Geknickt sitze ich neben ihr, während sie zu meinem alten zu Hause fährt. Ich weiß, dass es jetzt keinen Rückzieher mehr gibt. Denn sie wird mich nicht mehr gehen lasse, bevor sie nicht alles aus mir rausgequetscht hat. Das macht sie bei ihren Klienten zwar nicht, weil denen selbst überlassen ist, was und wie viel sie erzählen, aber bei mir wird das wohl anders werden. Sie wird mich auch auf ihre Art Foltern, wenn es sein muss.

Nach gefühlten Monaten betrete ich wieder das Haus, in dem ich aufgewachsen bin.
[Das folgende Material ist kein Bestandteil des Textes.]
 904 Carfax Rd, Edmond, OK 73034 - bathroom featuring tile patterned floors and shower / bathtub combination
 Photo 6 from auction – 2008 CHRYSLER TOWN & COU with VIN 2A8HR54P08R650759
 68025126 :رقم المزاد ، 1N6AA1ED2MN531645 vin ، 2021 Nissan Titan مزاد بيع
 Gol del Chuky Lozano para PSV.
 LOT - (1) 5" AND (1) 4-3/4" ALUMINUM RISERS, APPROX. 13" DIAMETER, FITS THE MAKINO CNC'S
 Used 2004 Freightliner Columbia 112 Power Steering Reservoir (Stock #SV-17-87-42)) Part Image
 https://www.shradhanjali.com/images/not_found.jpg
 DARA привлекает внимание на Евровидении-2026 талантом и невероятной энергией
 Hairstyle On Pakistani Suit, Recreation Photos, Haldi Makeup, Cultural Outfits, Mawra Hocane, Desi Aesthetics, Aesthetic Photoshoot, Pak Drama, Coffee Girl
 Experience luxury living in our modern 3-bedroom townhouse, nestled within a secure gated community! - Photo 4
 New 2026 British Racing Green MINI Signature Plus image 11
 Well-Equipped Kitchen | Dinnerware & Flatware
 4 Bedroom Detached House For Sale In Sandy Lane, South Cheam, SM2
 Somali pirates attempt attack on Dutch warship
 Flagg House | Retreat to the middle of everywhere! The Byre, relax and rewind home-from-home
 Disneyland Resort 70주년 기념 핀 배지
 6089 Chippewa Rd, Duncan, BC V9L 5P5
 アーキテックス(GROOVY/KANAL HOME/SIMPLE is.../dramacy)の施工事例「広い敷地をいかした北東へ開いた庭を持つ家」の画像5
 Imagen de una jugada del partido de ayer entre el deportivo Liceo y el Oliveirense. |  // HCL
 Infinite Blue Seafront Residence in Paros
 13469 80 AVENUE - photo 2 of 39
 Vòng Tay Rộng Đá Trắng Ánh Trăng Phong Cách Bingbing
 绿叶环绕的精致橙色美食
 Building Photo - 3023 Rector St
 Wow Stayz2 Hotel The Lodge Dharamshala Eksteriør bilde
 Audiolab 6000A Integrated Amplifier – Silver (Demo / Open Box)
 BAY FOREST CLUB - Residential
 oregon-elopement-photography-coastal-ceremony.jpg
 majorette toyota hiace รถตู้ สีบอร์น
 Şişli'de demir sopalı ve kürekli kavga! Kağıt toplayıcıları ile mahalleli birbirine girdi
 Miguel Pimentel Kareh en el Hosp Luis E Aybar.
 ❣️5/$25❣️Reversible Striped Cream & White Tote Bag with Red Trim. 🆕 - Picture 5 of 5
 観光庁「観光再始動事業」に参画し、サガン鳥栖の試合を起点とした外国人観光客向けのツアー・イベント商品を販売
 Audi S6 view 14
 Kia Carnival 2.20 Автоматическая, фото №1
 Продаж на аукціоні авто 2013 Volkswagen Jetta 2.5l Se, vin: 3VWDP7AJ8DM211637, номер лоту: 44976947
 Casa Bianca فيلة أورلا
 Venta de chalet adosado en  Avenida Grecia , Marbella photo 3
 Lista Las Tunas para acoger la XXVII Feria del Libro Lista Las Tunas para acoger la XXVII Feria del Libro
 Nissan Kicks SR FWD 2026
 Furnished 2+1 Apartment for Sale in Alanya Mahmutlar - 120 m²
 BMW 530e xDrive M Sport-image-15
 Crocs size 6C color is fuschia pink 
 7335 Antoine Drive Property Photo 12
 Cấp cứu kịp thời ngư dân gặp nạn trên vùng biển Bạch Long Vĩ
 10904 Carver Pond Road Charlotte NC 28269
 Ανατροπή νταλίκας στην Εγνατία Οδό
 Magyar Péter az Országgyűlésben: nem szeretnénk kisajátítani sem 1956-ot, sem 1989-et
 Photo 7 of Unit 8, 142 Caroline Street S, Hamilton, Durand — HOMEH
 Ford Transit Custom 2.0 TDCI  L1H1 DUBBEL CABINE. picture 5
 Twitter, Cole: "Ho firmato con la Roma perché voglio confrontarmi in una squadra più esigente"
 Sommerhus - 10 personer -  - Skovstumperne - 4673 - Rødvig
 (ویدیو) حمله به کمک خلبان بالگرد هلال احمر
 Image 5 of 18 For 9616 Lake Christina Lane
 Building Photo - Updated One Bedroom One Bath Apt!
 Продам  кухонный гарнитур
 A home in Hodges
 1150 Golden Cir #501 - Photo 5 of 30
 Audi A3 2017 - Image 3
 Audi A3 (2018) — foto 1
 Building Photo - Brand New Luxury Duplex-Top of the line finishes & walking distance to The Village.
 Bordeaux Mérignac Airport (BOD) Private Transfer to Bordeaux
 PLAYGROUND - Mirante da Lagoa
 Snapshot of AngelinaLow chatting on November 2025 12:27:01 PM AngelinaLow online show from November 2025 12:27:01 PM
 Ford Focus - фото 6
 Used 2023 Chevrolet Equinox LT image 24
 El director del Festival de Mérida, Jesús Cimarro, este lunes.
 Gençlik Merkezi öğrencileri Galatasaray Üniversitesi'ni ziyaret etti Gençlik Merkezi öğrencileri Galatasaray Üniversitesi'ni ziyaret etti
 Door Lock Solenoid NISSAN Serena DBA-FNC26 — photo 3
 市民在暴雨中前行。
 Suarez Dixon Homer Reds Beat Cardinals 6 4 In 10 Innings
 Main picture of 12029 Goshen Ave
Die Schritte meiner Mutter schallen durch den Flur, als sie ihre Jacke aufhängt und mich dann an meinem Rücken ins Wohnzimmer schiebt.
Sie verlässt mich kurz und kommt wenig später mit zwei Tassen Apfel-Zimt Tee wieder. Mein Lieblingstee.
Ich nehme mir eines der flauschigen Kissen, lege es in meinen Schoß und beginne an den Fäden zu spielen.
Das ist wohl eine Angewohnheit von mir. Entweder Miles Finger, oder etwas anderes.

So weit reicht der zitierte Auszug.